From circles of the municipal administration we have been written from Berlin: "It is absolutely correct that the issue of emergency money must not lead to controlling one's own shortage of money and that the Reich financial administration has strict control over the amount of emergency money issued and that the fastest recovery and redemption must be ensured.

What is not understandable, however, is that the Reich authorities show very little understanding for the whole situation that forced the issue of emergency money.

In any case, the large cities of the Rhenish-Westphalian industrial district only approached the production of emergency money with reluctance and at the urging of mining, industry and trade, and at the express request of the Reichsbank offices themselves.

They were only allowed to do so when large factories were repeatedly unable to pay their workers properly as a result of the shortage of funds, so that unrest broke out.

On the other hand, it was not necessary to attach overly aggravating conditions to the issuing of emergency money.

This includes the condition that the redemption date, which could be extended to a maximum of two months, must be stated on the note itself or at least must be made public at the same time as it is issued.

This significantly impairs the circulability.

The transfer of the equivalent value to the Reichskreditgesellschaft mbH, which was previously unknown to the municipalities, is an unnecessary complication and is rejected by the issuing offices.

It must be sufficient if the equivalent value is guaranteed to a Reich control office, even if the guarantee is given that the relevant amounts are available to the issuing offices on the redemption date.

It is incomprehensible why all these large capitals, which can be used very well in the industrial district, should all flow to Berlin.

Of course, the Reichskreditgesellschaft would also have to invest these amounts profitably in order to be able to raise the interest.

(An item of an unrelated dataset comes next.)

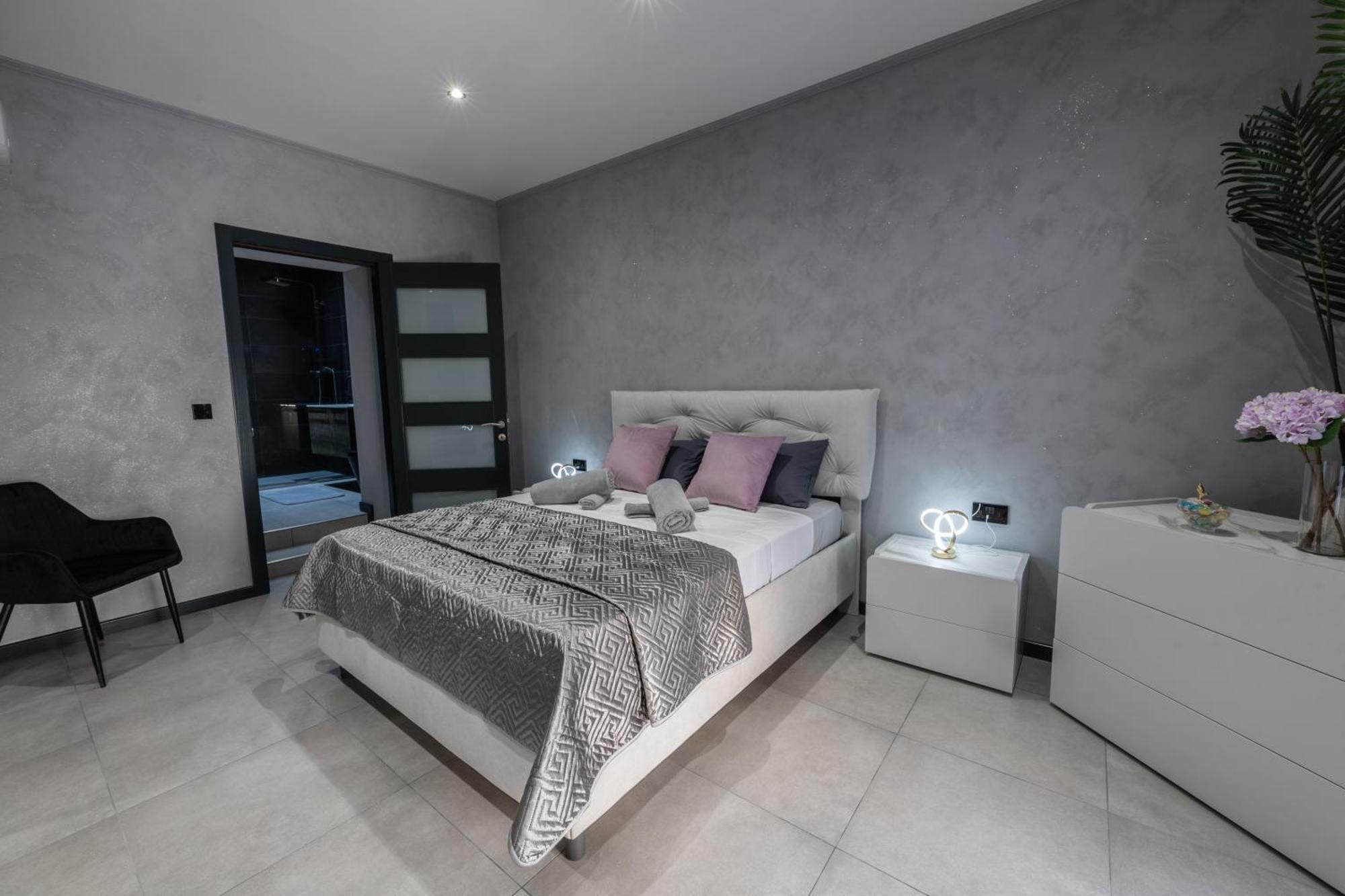 Matilde Valletta Suites Extérieur photo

Very many towns in the industrial district, for example, are forced to take more or less into their own hands the potato and coal cellars for their inhabitants, for which they have to raise large capital for a very short time.

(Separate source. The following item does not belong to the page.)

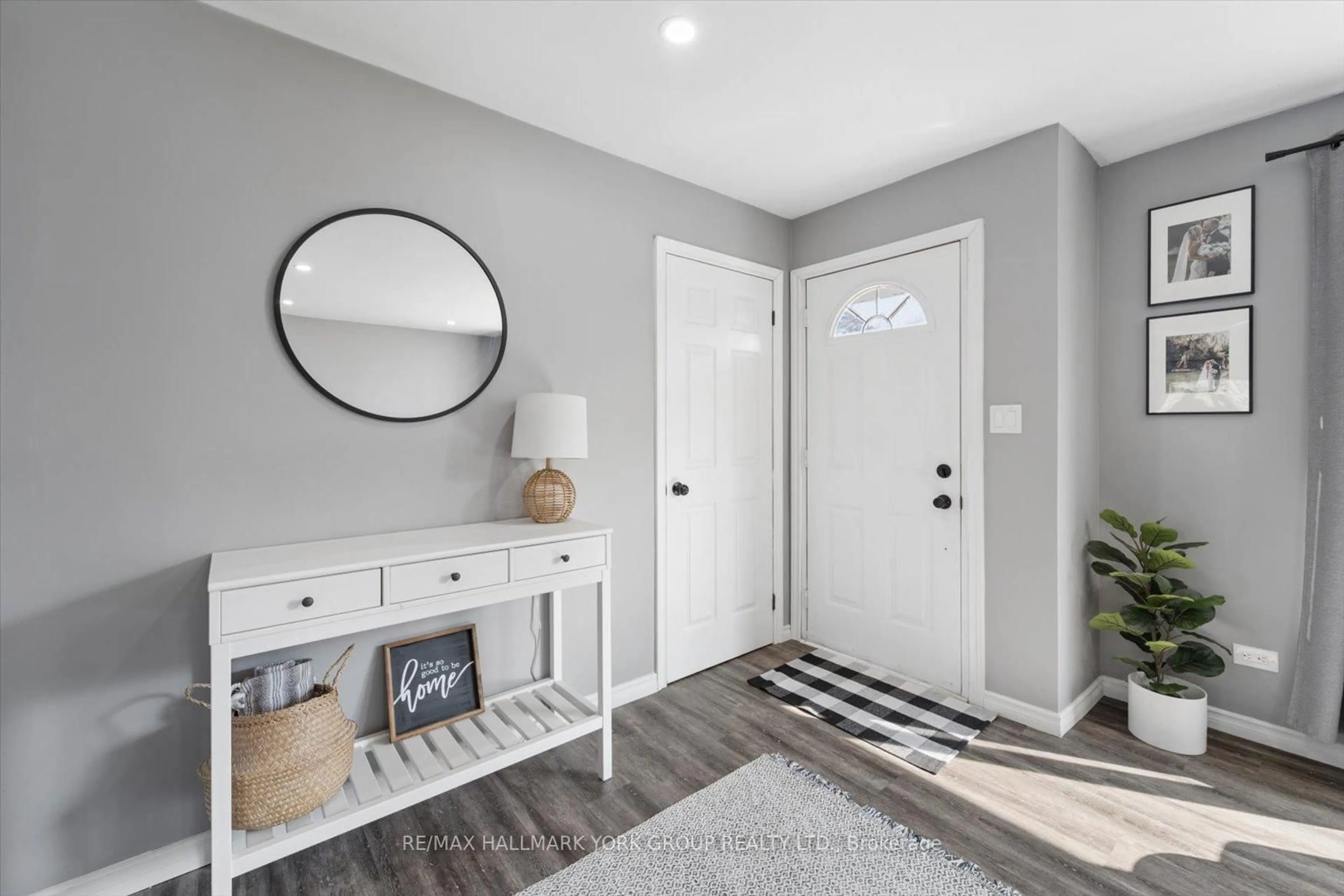 Indoor entryway for 20860 Brock Rd, Brock Ontario L0E 1E0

Even the big cities, which alone are suitable for this purpose, should hardly have any reservations about financing such transactions with the equivalent of emergency money.

Otherwise, these cities are forced to temporarily mobilize capital at high bank interest rates, which either pushes up potato prices or burdens taxpayers altogether.

(If one deviated from the principle that issuing emergency money should not be a way of obtaining credit, it would be difficult to draw a correct line. The editors)

The behavior of some other Reich administrations, in particular the Reich Postal Administration, which refuses to accept such emergency money at all or also makes it dependent on "conditions" is completely incomprehensible.

The issue of emergency money is merely a matter of support for the Reich finance administration or the Reichsbank by the agencies issuing emergency money.

One would think that this action would then at least be supported by other Reich authorities.

Instead, the postal administration, for its part, sets the condition for the issuing offices to acknowledge in writing that, among other things, the issuing offices should undertake to redeem counterfeit notes that are accepted at the post office without further ado.

The fact that such an obligation cannot be assumed is already evident from the fact that this would eliminate all caution against counterfeits, and in fact would actually arouse the temptation to forgeries.

If such a guarantee from the post office appears to be indispensable, it would have to be granted by the Reichsbank or the Reich finance administration, in whose interest the emergency money was issued.”